# YORKSHIRE



## oldguy (Jun 25, 2009)

Just a quick gauge of interest....,

And yes i am biased... (Sheffield),

Who would be interested in a meet ? Seems to be few and far between....

List on this post 

OG


----------



## Redscouse (Sep 30, 2008)

Yorkshire seems to be a bit baron when it comes to meets. Other than trips to Yorkshire, i dont think i have seen a Local Yorkshire meet ever take place... so long as ive been here anyway?!?


----------



## jammyd (Oct 11, 2008)

:roll: Maybe the Rep Sec needs to pull his finger out and get a Yorkshire rep :roll:


----------



## TTCool (Feb 7, 2005)

I'm interested in a Yorkshire Dales drive, in fact any drive that includes not only the Yorkshire Dales but Cumbria (when it dries out) and Northumberland. Bare with me and I'll post one or two of my favourite blasts along with some common sense information concerning how to go about them :wink:

Joe


----------



## TTCool (Feb 7, 2005)

oldguy said:


> Just a quick gauge of interest....,
> 
> And yes i am biased... (Sheffield),
> 
> ...


Incidentally, when you say a meet, do you mean a drive or a meet and a drive?

Joe


----------



## jaqcom (Apr 20, 2009)

Lincolnshire (North) is also a bit thin on the ground, but I'd be interested .................


----------



## seasurfer (Apr 10, 2009)

I may be interested in this - thinking of fitting an outboard motor to the TT at the moment  im in cumbria and we are certainly thin on the ground here with members 

Gill


----------



## jaqcom (Apr 20, 2009)

Hope you escaped any damage Gill ............. did you surf up the roads ?


----------



## Ricco (Dec 16, 2007)

I would be up for a Yorkshire drive / meet.


----------



## seasurfer (Apr 10, 2009)

jaqcom said:


> Hope you escaped any damage Gill ............. did you surf up the roads ?

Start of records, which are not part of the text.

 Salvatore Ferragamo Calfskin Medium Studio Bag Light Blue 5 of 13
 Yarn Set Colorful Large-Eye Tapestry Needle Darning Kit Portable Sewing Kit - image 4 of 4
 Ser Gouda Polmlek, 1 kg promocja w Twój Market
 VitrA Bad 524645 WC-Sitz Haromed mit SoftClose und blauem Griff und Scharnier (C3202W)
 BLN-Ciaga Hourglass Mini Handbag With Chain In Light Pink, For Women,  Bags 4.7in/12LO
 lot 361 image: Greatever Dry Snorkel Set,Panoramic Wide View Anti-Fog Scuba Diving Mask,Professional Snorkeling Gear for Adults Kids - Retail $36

   well we surf here but fortunately no flood damage thank goodness so far, glad your still speaking to me :wink: :wink:

Gill


----------



## TTCool (Feb 7, 2005)

It's nigh impossible to know exactly where peeps might want to drive but here is a route that is made up of very good driving roads with no single track nonsense :wink: and there are places to stop for good food, and breathtaking scenery/outstanding beauty, signs warning to avoid Red Squirrels 

Pics to follow taken at Ingleton, Hartside Top, Hawes, Alston, Langley Castle, Haydon Bridge, Allen Banks etc I'll see what I can find. Click on pic to enlarge. It's not very clear but I'm working on it.
Edit: Keep clicking till it's clear  .









Joe


----------



## Redscouse (Sep 30, 2008)

jammyd said:


> :roll: Maybe the Rep Sec needs to pull his finger out and get a Yorkshire rep :roll:


Excuse me...... i cant go PMing people asking them can i Mr Lemsip???


----------



## jammyd (Oct 11, 2008)

Redscouse said:


> jammyd said:
> 
> 
> > :roll: Maybe the Rep Sec needs to pull his finger out and get a Yorkshire rep :roll:
> ...


Some off us are poorly so dont start


----------



## TTitan (May 11, 2007)

in south lincs -- would be interested. dates depending and all that.

Jim


----------



## talk-torque (Apr 30, 2008)

Mk2's welcome? I'd be very interested. Probably cut away at point 11, but know a lot of the roads/country up to there and it's very worthwhile seeing. A touch of snow would look fab, but I'm FWD, so it could get tricky!


----------



## TTCool (Feb 7, 2005)

talk-torque said:


> Mk2's welcome? I'd be very interested. Probably cut away at point 11, but know a lot of the roads/country up to there and it's very worthwhile seeing. A touch of snow would look fab, but I'm FWD, so it could get tricky!


Mk2's welcome of course 

Joe


----------



## Redscouse (Sep 30, 2008)

I can now see if somebody pipes up about a Yorkshire meet or cruise, how quite a few people who are quiet on the meet front come forward 

I would just like to mention that the TTOC would love to have a Yorkshire Rep, or a Rep who can organise meets in certain parts of Yorkshire. So if anybody is interested in getting things moving in Yorkshire, please drop me a PM 

Paul


----------



## talk-torque (Apr 30, 2008)

TTCool said:


> talk-torque said:
> 
> 
> > Mk2's welcome? I'd be very interested. Probably cut away at point 11, but know a lot of the roads/country up to there and it's very worthwhile seeing. A touch of snow would look fab, but I'm FWD, so it could get tricky!
> ...


----------



## TTCool (Feb 7, 2005)

I think this drive is more or less postponed by default due to Christmas and the possibility of worsening weather. Also I have my daughter's wedding to finish organising for next month. I'll carry on with information and planning because it will happen in the Spring.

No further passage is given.